Bringing Home the Big Data Bacon
Big Data. The two words are practically inescapable. And for good reason. Fortune 500 companies have been leveraging big data to operate with more intelligence and more speed than at any other time in history. Cloud companies like Salesforce, NetSuite, Workday and LinkedIn are now household names The food service industry is no stranger to […]
Big Data. The two words are practically inescapable. And for good reason. Fortune 500 companies have been leveraging big data to operate with more intelligence and more speed than at any other time in history.
Cloud companies like Salesforce, NetSuite, Workday and LinkedIn are now household names
The food service industry is no stranger to Big Data. There’s always been sales data, customer data, workforce data, and inventory data. The problem has been in connecting the fragmented information in a meaningful way that impacts the bottom line.
All that’s changed with the Big Data movement. Now our information is connected in ways spreadsheets simply can’t touch.
The Internet of Things
Today, we are becoming (if we aren’t already) a network of networks. By 2020, technology research firm Gartner expects 25 billion devices will be connected, largely fueled by the nexus of the cloud, mobile, social and information apps. Not to mention a bunch of really smart people.
A “thing,” in the Internet of things, can be an employee trading their shift, a guest making a kiosk purchase, an online maintenance indicator for an oven hood, the weather, or the amount of bacon used during football season.
The connections are seemingly limitless as long as there is data to be stored and used.
“What the restaurant industry needs is a democratization of data,” says Brian Gaffney, Senior Vice President of Engineering at Red Book Connect.
“When the data is stored in the cloud, businesses will be able to monitor, analyze and automate in ways that will improve the bottom line – in near real-time.”
So what do all of those delicious bytes of bacon add up to? When large organizations partner with a cloud platform, big strides can be made with less cost.
Take a minute to count all the different vendors you use in your business today.
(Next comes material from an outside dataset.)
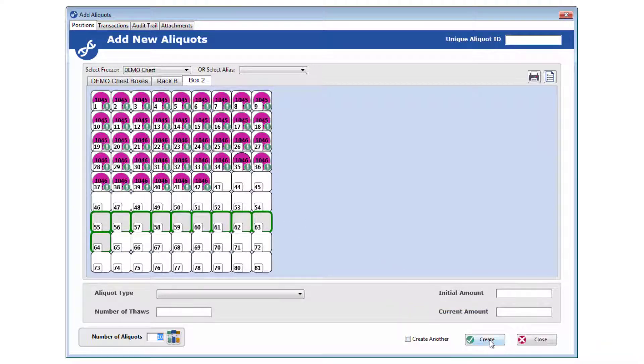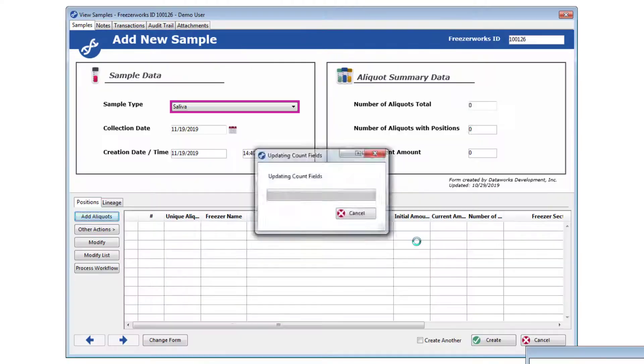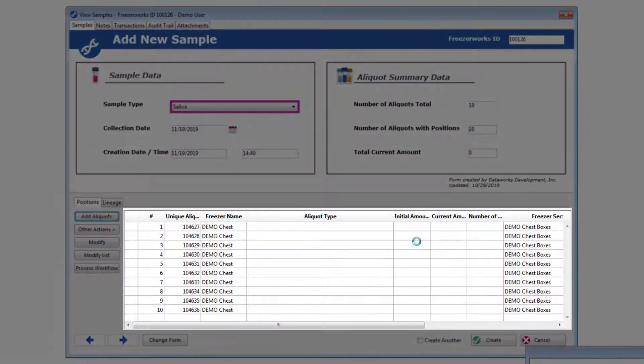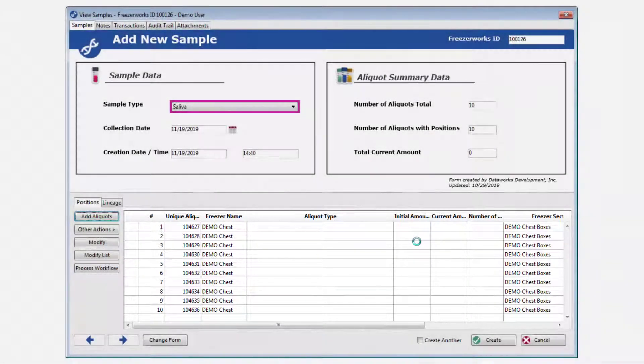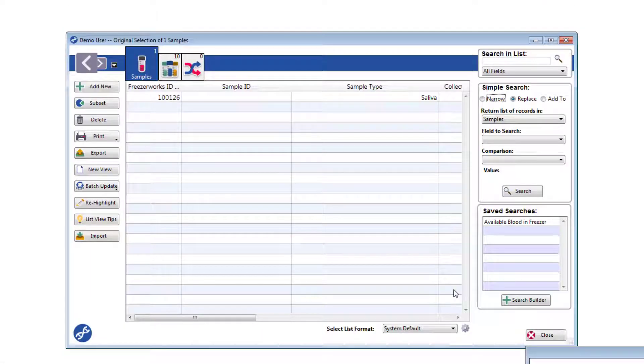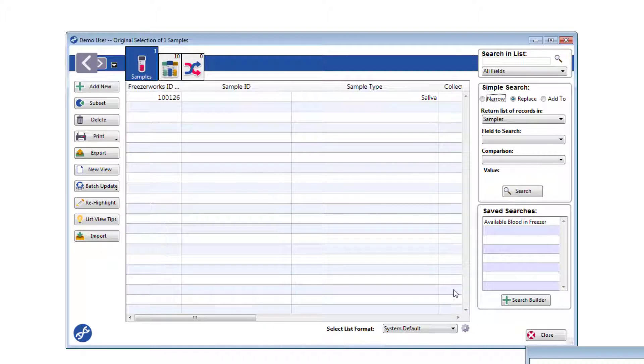When you return to the samples entry form, your aliquots are now in the Aliquots Area List box. Click Create, and you'll find yourself on the Inventory List view with the sample just created listed.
A cloud platform eliminates those disparate software and legacy systems.
It’s a standardized ecosystem where an operation’s information flows freely and securely into a central hub that is accessible across the enterprise. Then the information can be chopped up into many different bytes of tasty bacon bytes.
“Organizations don’t have to carry the burden or the cost of innovation, scale or security,” Gaffney explains.
A cloud-based approach is also attractive from the perspective that organizations can deploy an inexpensive restaurant operation solution across global operations quickly.
“Imagine having every single data point your company could ever need to track and then being able to build reports and models that instantly show you the health of your business – the way YOU want to see it,” adds Gaffney.
That’s next generation visualization that gives restaurant operations complete control.”